En esta aventura de la fe, me parece imprescindible hacer una evangelización cada vez más mariana, porque eso significará poner las bases para que nazca Jesús en los hombres y mujeres de nuestro tiempo. La apertura al Espíritu que inunda todo y la relación personal con María son las dos condiciones imprescindibles para que brote la fe. Hoy como ayer, Dios se hace carne “por obra del Espíritu Santo y de María virgen”. Estoy convencido de que cada vez más hombres y mujeres, especialmente los que han recibido el encargo de anunciar la fe, entenderán que estas palabras no son un galimatías, sino un camino de fe.
No es fácil probar estas afirmaciones. Quizá ni siquiera es posible. Pero hay algo que un observador sereno puede percibir: las personas que viven su fe con hondura son personas profundamente marianas. Para ellas, María es la madre que les regala a Jesús, que les permite vivir la fe como una relación personal, que les ayuda a descubrir en la trama de la vida ordinaria el misterio de Dios “hecho carne”, no simplemente hecho pregunta, hipótesis o sueño. Sin María, el cristianismo pasa a engrosar la lista de ideologías que se venden en el supermercado de las ideas. Sin María, el cristianismo pierde su sello maternal y se convierte en un conjunto de fríos e insignificantes dogmas que parecen infinitamente distantes de la cultura secular que hemos ido construyendo en los últimos siglos.
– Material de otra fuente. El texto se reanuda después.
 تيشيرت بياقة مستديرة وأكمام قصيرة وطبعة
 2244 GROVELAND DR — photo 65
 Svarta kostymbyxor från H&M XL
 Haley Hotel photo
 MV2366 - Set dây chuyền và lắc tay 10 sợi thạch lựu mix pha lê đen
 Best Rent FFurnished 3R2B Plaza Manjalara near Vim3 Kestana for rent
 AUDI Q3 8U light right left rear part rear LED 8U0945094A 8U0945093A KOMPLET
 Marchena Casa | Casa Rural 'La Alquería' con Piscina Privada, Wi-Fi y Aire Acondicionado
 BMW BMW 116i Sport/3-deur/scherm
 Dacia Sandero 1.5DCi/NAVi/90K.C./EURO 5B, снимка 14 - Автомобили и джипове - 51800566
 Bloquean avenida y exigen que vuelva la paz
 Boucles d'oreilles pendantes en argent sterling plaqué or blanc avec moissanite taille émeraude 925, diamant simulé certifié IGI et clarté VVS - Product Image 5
No me extraña nada que los santuarios marianos congreguen a tanta gente en todos los rincones del mundo, desde Luján (en Argentina) hasta Czestochowa (en Polonia) pasando por Fátima (Portugal) y Lourdes (Francia). Pero no hay que irse tan lejos. En la parroquia que está a unos metros de mi casa, una sencilla estatua de madera me está recordando una verdad como un templo. Algún día se me regalará la inocencia suficiente para aceptarla.